Copy out all lines from the entries below in which "Used" occurs.

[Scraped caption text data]
┄┄┄┄┄┄┄┄┄┄┄┄┄┄┄┄┄┄┄┄

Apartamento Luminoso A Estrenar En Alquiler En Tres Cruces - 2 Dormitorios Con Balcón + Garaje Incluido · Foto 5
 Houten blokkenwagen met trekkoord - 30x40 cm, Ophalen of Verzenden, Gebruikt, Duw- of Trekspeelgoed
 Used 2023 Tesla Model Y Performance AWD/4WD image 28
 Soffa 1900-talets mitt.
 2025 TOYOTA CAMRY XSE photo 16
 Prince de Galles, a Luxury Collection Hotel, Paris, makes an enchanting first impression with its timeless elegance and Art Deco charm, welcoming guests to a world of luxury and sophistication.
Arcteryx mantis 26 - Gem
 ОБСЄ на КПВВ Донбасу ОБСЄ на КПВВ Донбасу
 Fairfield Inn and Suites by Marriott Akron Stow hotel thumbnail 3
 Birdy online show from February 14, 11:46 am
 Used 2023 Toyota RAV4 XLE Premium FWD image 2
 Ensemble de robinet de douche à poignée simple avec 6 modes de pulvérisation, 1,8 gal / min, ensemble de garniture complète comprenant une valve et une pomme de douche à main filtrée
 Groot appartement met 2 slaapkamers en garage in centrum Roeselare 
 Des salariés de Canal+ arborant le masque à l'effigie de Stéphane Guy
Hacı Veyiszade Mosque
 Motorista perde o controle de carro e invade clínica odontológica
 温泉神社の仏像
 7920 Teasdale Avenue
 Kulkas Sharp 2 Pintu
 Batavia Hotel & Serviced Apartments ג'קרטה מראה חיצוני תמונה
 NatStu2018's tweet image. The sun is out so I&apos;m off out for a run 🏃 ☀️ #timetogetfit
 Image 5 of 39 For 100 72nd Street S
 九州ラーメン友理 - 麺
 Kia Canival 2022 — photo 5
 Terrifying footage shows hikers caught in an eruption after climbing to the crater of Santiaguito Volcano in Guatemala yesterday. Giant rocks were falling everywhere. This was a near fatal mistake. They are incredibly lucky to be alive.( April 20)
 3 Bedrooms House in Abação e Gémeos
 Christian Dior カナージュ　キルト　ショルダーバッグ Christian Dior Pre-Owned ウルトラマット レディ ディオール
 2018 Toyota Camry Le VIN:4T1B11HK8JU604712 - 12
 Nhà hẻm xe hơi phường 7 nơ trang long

┄┄┄┄┄┄┄┄┄┄┄┄┄┄┄┄┄┄┄┄

Answer section -
 Used 2023 Tesla Model Y Performance AWD/4WD image 28
 Used 2023 Toyota RAV4 XLE Premium FWD image 2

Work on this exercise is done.